Only an exact copy of the lines from the one containing "Sticker Rond Le" through the last line of the material below belongs in the answer, with no pictures.

--*--

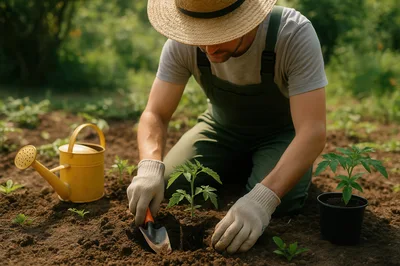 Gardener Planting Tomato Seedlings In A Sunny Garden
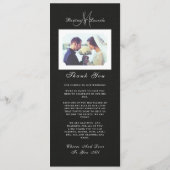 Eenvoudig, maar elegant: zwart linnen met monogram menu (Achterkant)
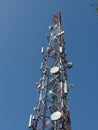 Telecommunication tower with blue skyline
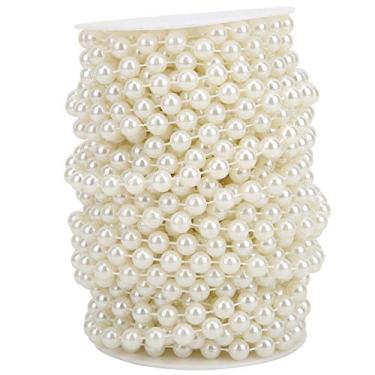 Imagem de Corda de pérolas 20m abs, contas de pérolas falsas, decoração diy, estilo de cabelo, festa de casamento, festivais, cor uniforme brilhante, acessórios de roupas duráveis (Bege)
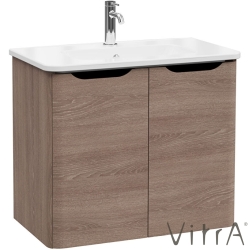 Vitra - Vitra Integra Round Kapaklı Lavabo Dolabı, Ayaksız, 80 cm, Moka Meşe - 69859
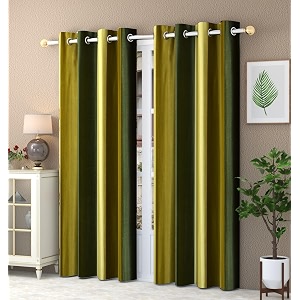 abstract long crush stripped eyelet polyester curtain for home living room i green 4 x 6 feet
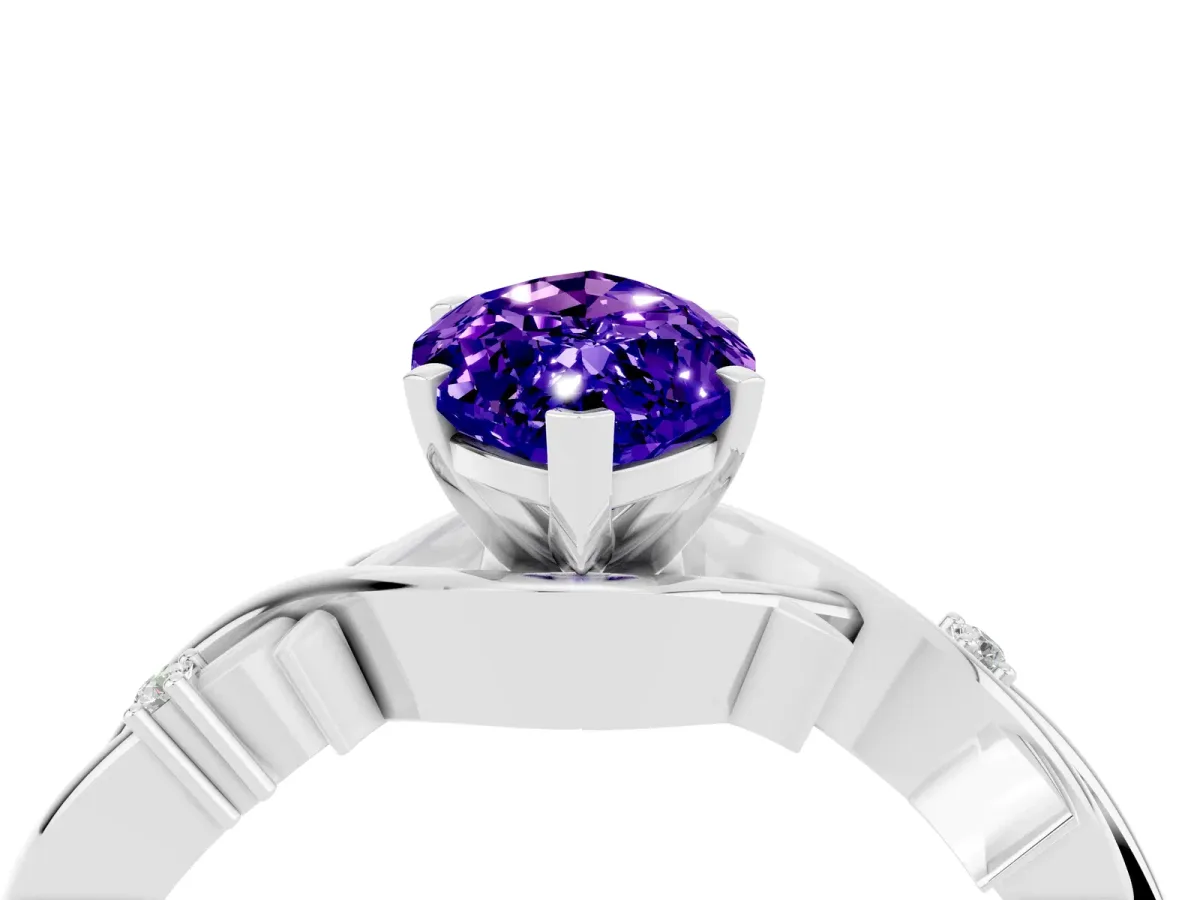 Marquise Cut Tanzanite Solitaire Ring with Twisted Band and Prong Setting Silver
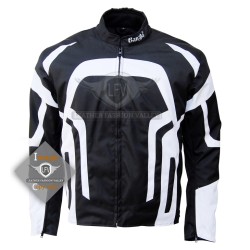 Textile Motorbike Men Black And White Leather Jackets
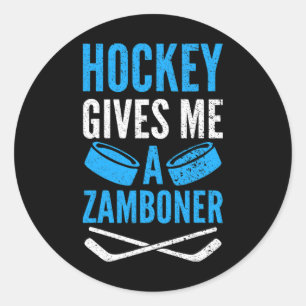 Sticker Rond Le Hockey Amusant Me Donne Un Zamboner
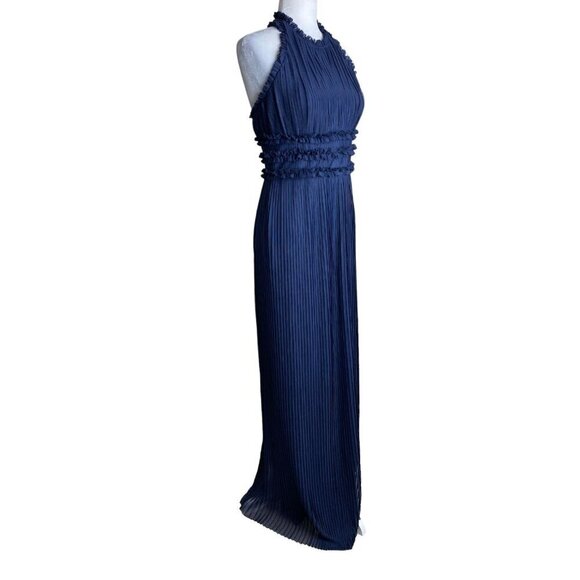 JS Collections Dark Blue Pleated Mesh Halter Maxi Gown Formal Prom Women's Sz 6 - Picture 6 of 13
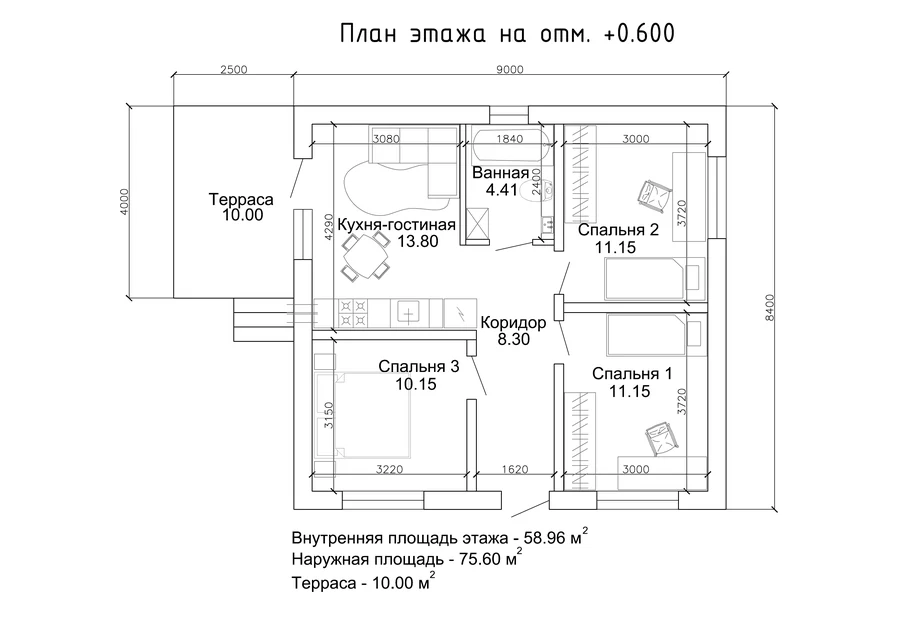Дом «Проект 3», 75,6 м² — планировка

--*--

▶ _RESPONSE BELOW_:
 Sticker Rond Le Hockey Amusant Me Donne Un Zamboner
 JS Collections Dark Blue Pleated Mesh Halter Maxi Gown Formal Prom Women's Sz 6 - Picture 6 of 13
Дом «Проект 3», 75,6 м² — планировка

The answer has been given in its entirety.